Character sketch of Bottom the Weaver.

Nick Bottom the Weaver in Shakespeare's "A Midsummer Night's Dream" is representative of three important aspects of the comic element in the play.


1. The farcical element: A farce is a combination of ludicrously improbable  plot situations and exaggerated characters resulting in an outrageously comical situation. Act IV Sc.1, when Titania the fairy queen under the influence of the magic potion makes love to Bottom the weaver who has an ass's head covering his face is the quintessential farcical scene. Shakespeare's contemporary audience would have roared with laughter when Titania addressed Bottom,



Come, sit thee down upon this flowery bed,
While I thy amiable cheeks do coy,
And stick musk-roses in thy sleek smooth head,
And kiss thy fair large ears, my gentle joy.

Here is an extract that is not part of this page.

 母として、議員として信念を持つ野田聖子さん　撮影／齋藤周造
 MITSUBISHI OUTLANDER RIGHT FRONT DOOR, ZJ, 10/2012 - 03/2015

2. The rational and the irrational: He links the rational day to day mundane world of ordinary mortals with that of the magical and romantic world of the fairies.  Although, he is the butt of coarse and farcical humor, he and not the pair of lovers personally interact with the fairies who belong to a completely different world. In Act IV Sc.1 we see him lording over the fairy attendants of Titania just like how he was bossing over his worldly companions:



Mounsieur Cobweb, good mounsieur, get you your
weapons in your hand, and kill me a red-hipped
humble-bee on the top of a thistle; and, good
mounsieur, bring me the honey-bag. Do not fret
yourself too much in the action, mounsieur; and,
good mounsieur, have a care the honey-bag break not;
I would be loath to have you overflown with a
honey-bag, signior. Where's Mounsieur Mustardseed?



3. Illusion and reality: Bottom performs another significant role in that he unites with grace and sobriety the imaginary dream world of the fairies and the real world of day to day existence. When he is finally relieved of the ass's head in Act IV Sc.1 he remarks sagely:



I have had a most rare
vision. I have had a dream, past the wit of man to
say what dream it was: man is but an ass, if he go
about to expound this dream.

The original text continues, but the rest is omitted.